Return all entries word for word, but drop any images.

[GIVEN DATA Boundary: Start]

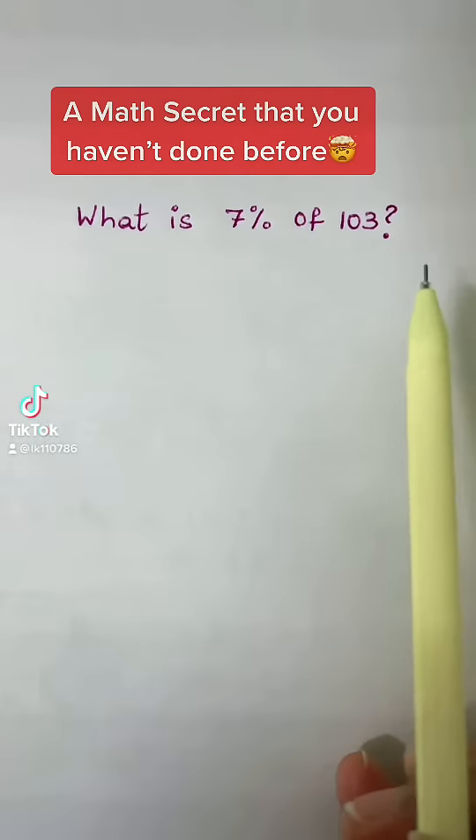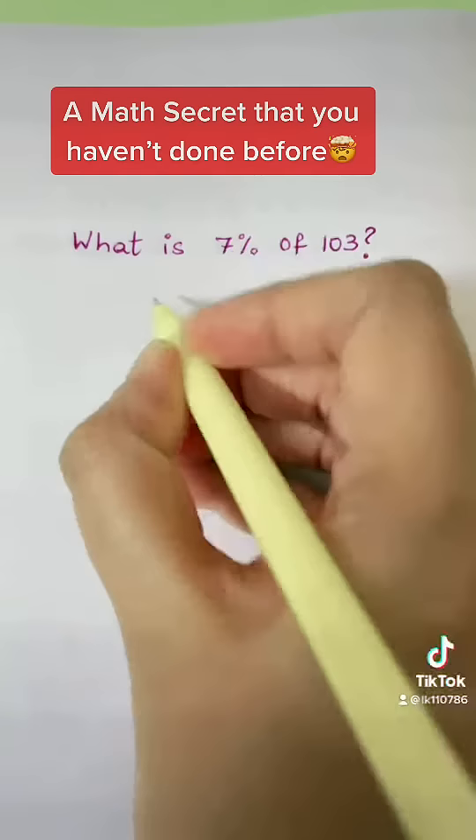What is seven percent of 103? All you have to do is get the percent and the number — seven and 103 — multiplied together over 100.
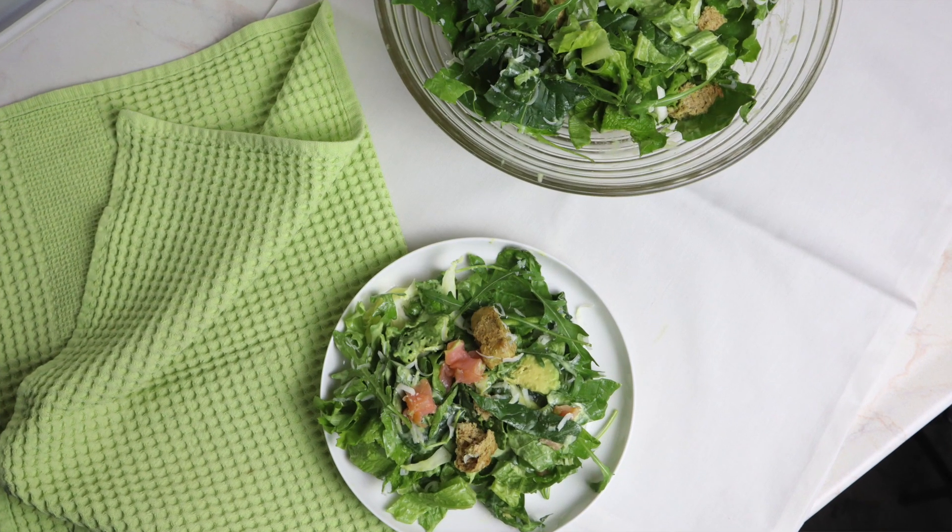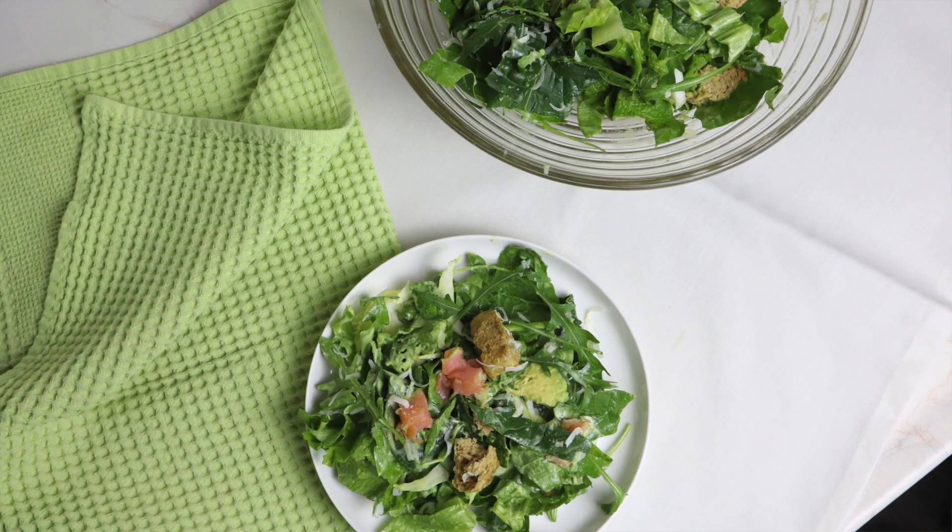Even if you don't have any of those, it's still delicious and it goes great with anything. I eat it for lunch, I eat it for dinner, and we eat it in my house on a weekly basis two or three times per week because it's that incredible.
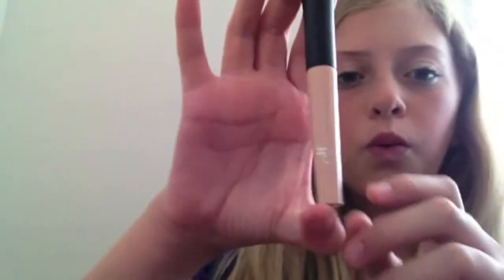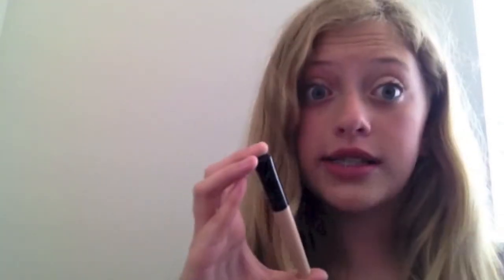Next, I have the e.l.f. $1 Eyelid Primer. Urban Decay and Too Faced — I'm sure you've all heard of their primers before, and they are probably way better than this one. But for $1, it is awesome, really good. This is the only primer I've ever used in my life and I love it. That's a lot to say about a $1 primer, so I think you guys should pick it up and check it out.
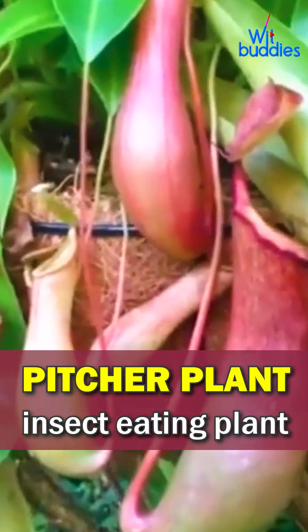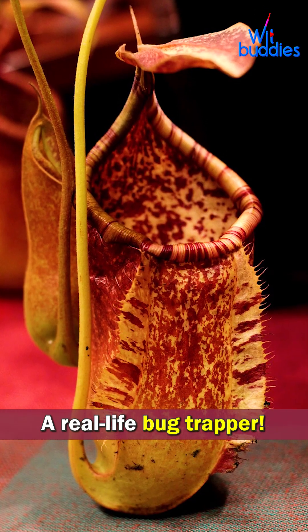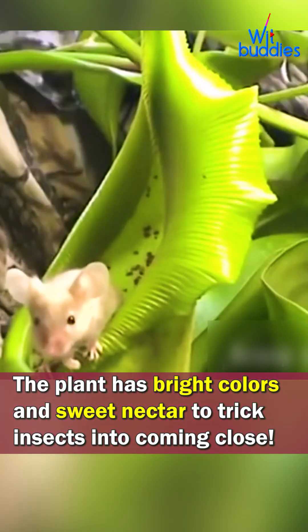Meet the Pitcher Plant — a real-life bug trapper. The plant has bright colors and sweet nectar to trick insects into coming close.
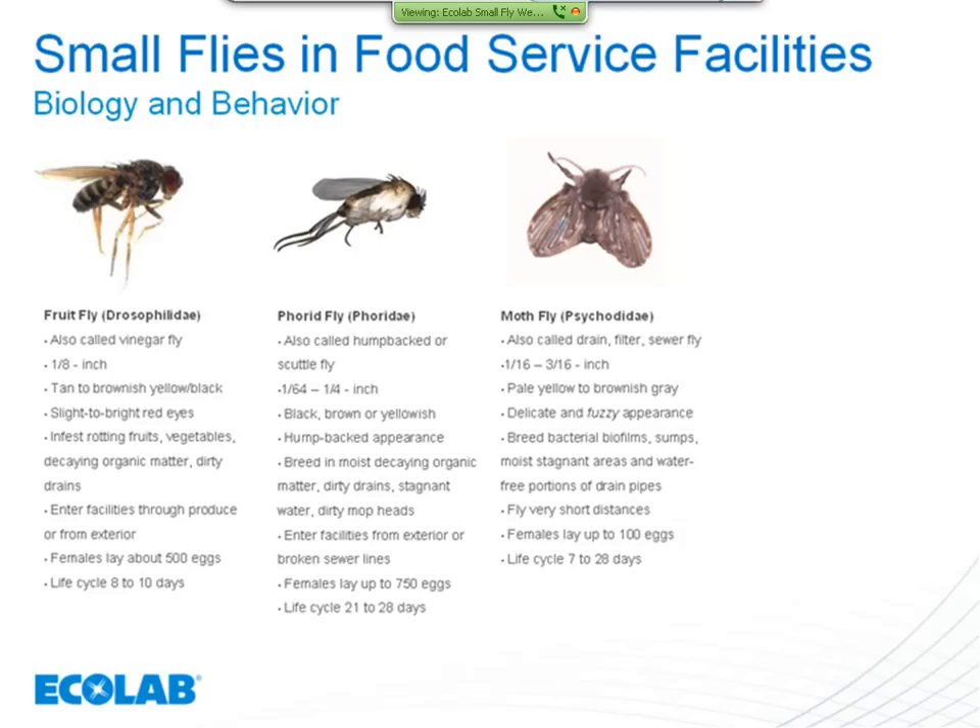The moth fly gets its name because it looks like a little moth. They're about 1/16 to 3/16 inches in size, pale yellow to brownish gray, with a very delicate and fuzzy appearance. Very common in drains, sump pumps, and grease traps. They tend to stay very close to the source of infestation. They're not likely to be seen in your dining room areas. Females lay about 100 eggs in their lifetime, and their life cycle varies from 7 to 28 days.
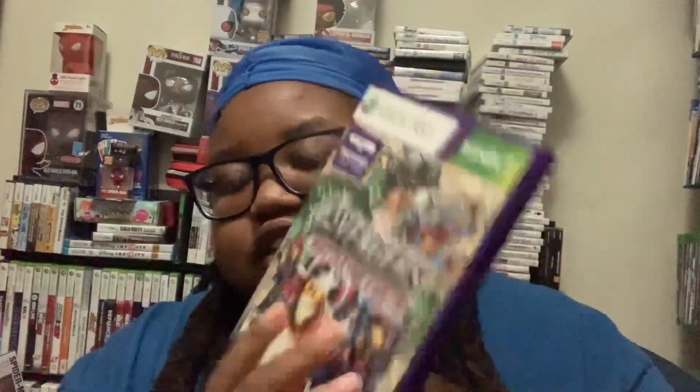I got the collector edition, which I already covered, so I'm just going to show you everything else. I got the Amazing Spider-Man. I'm not going to show the back of them because you already seen it from my previous video. We got the Avengers. The Amazing Spider-Man 2.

[GIVEN DATA Boundary: End]

> RESULT OF THE TASK:
What is seven percent of 103? All you have to do is get the percent and the number — seven and 103 — multiplied together over 100.
Even if you don't have any of those, it's still delicious and it goes great with anything. I eat it for lunch, I eat it for dinner, and we eat it in my house on a weekly basis two or three times per week because it's that incredible.
Next, I have the e.l.f. $1 Eyelid Primer. Urban Decay and Too Faced — I'm sure you've all heard of their primers before, and they are probably way better than this one. But for $1, it is awesome, really good. This is the only primer I've ever used in my life and I love it. That's a lot to say about a $1 primer, so I think you guys should pick it up and check it out.
Meet the Pitcher Plant — a real-life bug trapper. The plant has bright colors and sweet nectar to trick insects into coming close.
The moth fly gets its name because it looks like a little moth. They're about 1/16 to 3/16 inches in size, pale yellow to brownish gray, with a very delicate and fuzzy appearance. Very common in drains, sump pumps, and grease traps. They tend to stay very close to the source of infestation. They're not likely to be seen in your dining room areas. Females lay about 100 eggs in their lifetime, and their life cycle varies from 7 to 28 days.
I got the collector edition, which I already covered, so I'm just going to show you everything else. I got the Amazing Spider-Man. I'm not going to show the back of them because you already seen it from my previous video. We got the Avengers. The Amazing Spider-Man 2.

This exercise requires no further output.